**REQUIREMENT**
Task for the records below: copy exactly, and only, the line containing "流動的盛宴丨這個盛夏遇見集美，你將被ta驚艷？！ta是......" and every line after it to the end, with pictures left out.

============

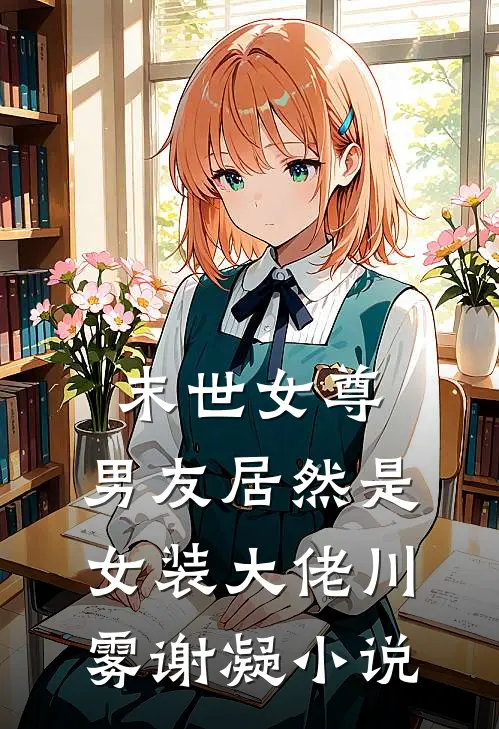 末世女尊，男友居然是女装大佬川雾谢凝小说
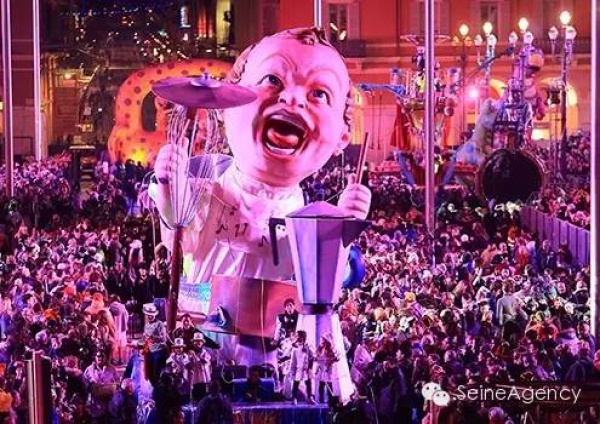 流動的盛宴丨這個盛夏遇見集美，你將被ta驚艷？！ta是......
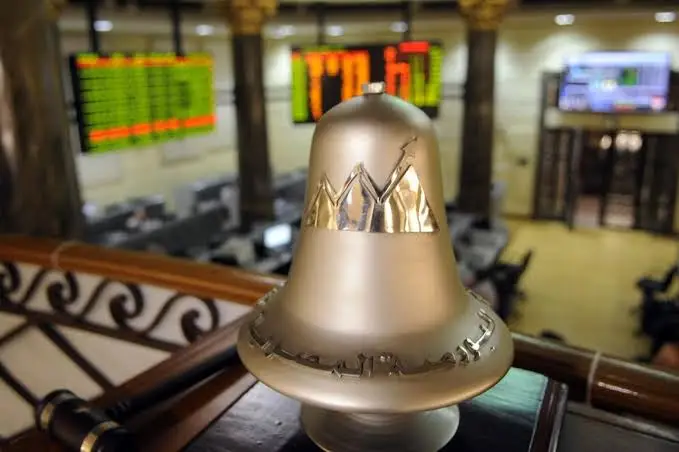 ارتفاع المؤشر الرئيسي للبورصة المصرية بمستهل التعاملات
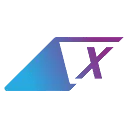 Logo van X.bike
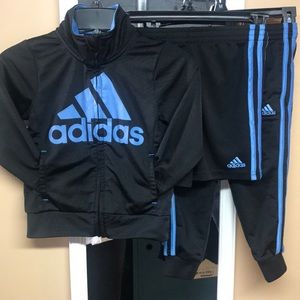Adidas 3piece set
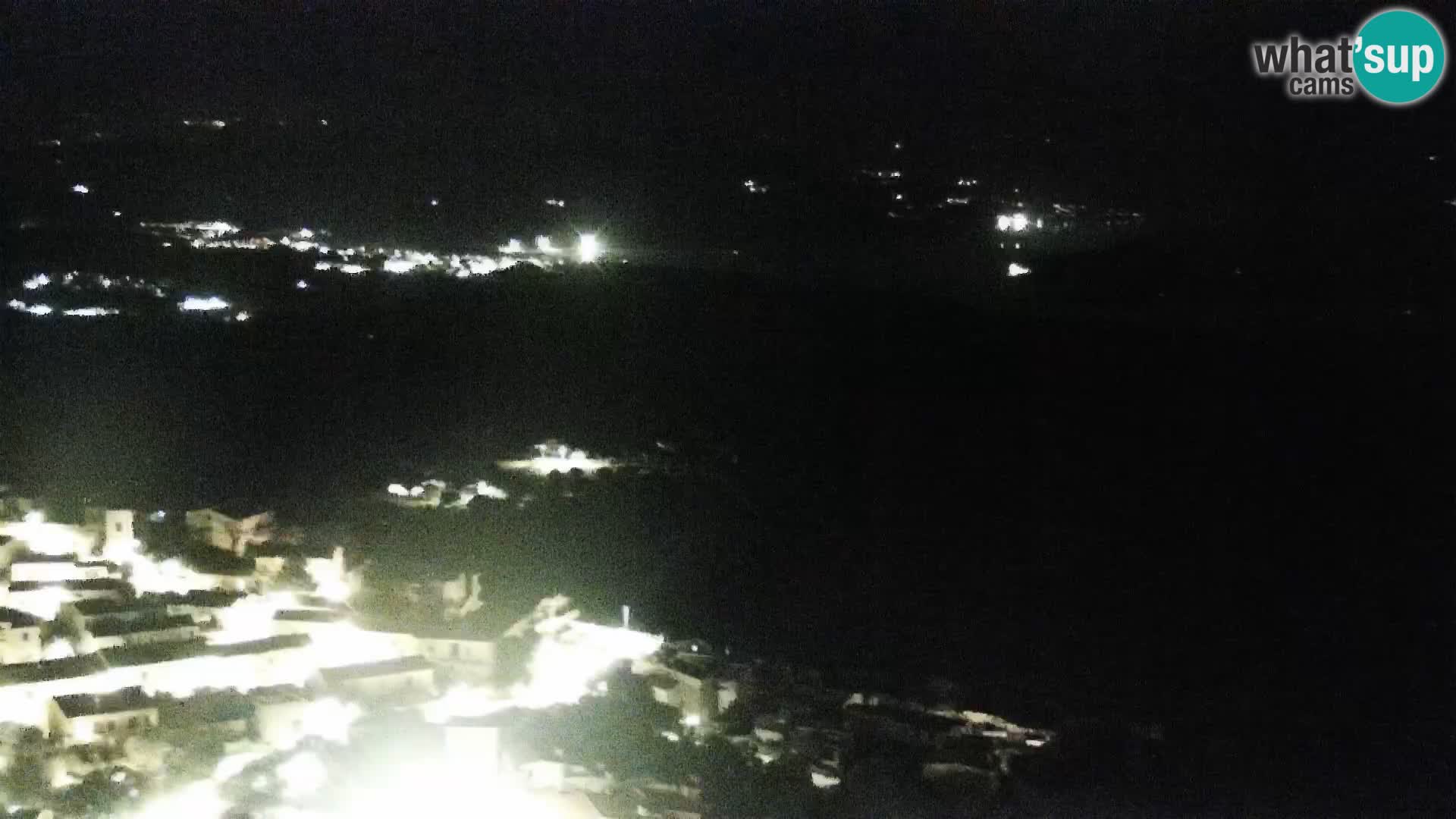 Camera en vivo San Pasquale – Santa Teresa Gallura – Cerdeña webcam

============

**EXERCISE RESPONSE**
 流動的盛宴丨這個盛夏遇見集美，你將被ta驚艷？！ta是......
 ارتفاع المؤشر الرئيسي للبورصة المصرية بمستهل التعاملات
 Logo van X.bike
Adidas 3piece set
 Camera en vivo San Pasquale – Santa Teresa Gallura – Cerdeña webcam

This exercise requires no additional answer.